INFLUENCE OF ADDING CONTAMINANTS PARTICLES TO LITHIUM GREASE ON FRICTION COEFFICIENT

INFLUENCE OF ADDING CONTAMINANTS PARTICLES

TO LITHIUM GREASE ON FRICTION COEFFICIENT

Eman A.¹, Nabhan A.², Nouby M.¹, Abd El Jaber G. T.¹

¹Faculty of Engineering, South Valley University, Qena-83521, EGYPT,

²Faculty of Engineering, Minia University, Minia – 61111, EGYPT.

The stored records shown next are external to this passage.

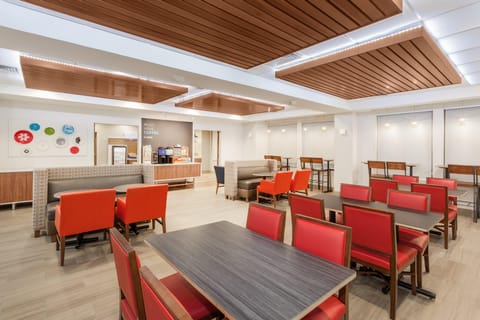 Holiday Inn Express & Suites Tilton By IHG Hotel in Tilton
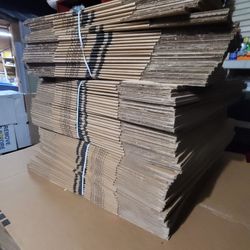 Boxes & misc packing supplies 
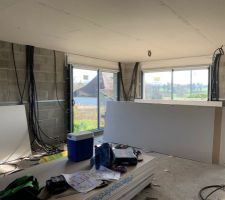 Plafond du salon en cours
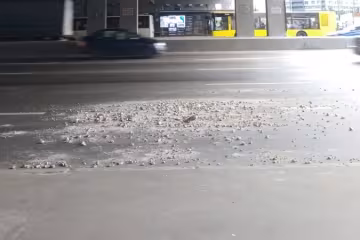 В Киеве "устал" ещё один мост, осыпается прямо на проезжую часть: "Как тут быть осторожным?"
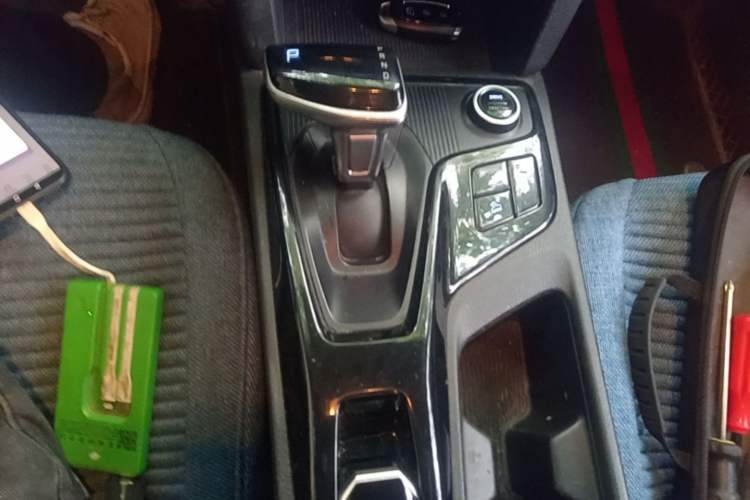 Used Hyundai ix35 2021 240TGDi DCT Two-Wheel-Drive GLS Leading Edition Gear Lever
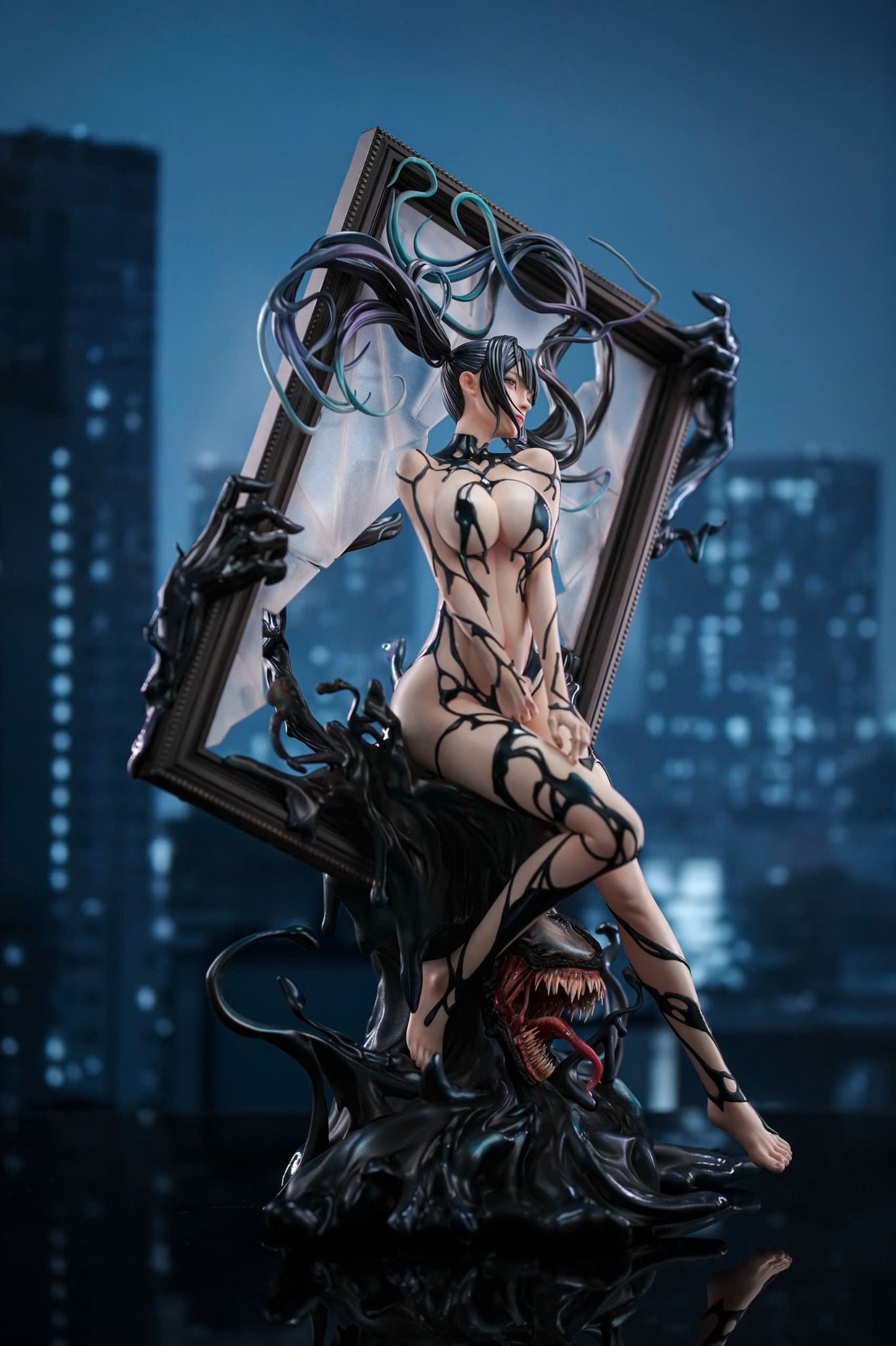  Venom girl - Source Studio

^*Corresponding author E-mail:emy_ahmed2228@yahoo.com

ABSTRACT

This paper examines the addition of solid particles to the lubricants to explore and evaluate their influence on the friction coefficient. Silica sand with different particle sizes and iron (Fe) powder of five concentrations were dispersed in lithium grease. The effect of sliding velocity and normal load on friction and wear properties of stainless steel pin sliding against an aluminum disc was investigated. It was found that, Fe particles have shown good friction and wear reduction even at low concentration such as 2 wt. % and 4 wt. %. 

KEYWORDS

Friction coefficient, lithium grease, solid contaminants.

INTRODUCTION

The variation of friction and wear rate depends on interfacial conditions such as normal load, geometry, relative surface motion, sliding speed, surface roughness of the rubbing surfaces, type of material, system rigidity, temperature, stick slip, relative humidity, lubrication and vibration. Among these factors sliding speed and normal load are the two major factors whose play significant role for the variation of friction and wear rate. There were some investigations on the tribological properties of lubricants with different micro particles added, and it was reported that the addition of micro particles to lubricant grease is effective in wear and -friction performances.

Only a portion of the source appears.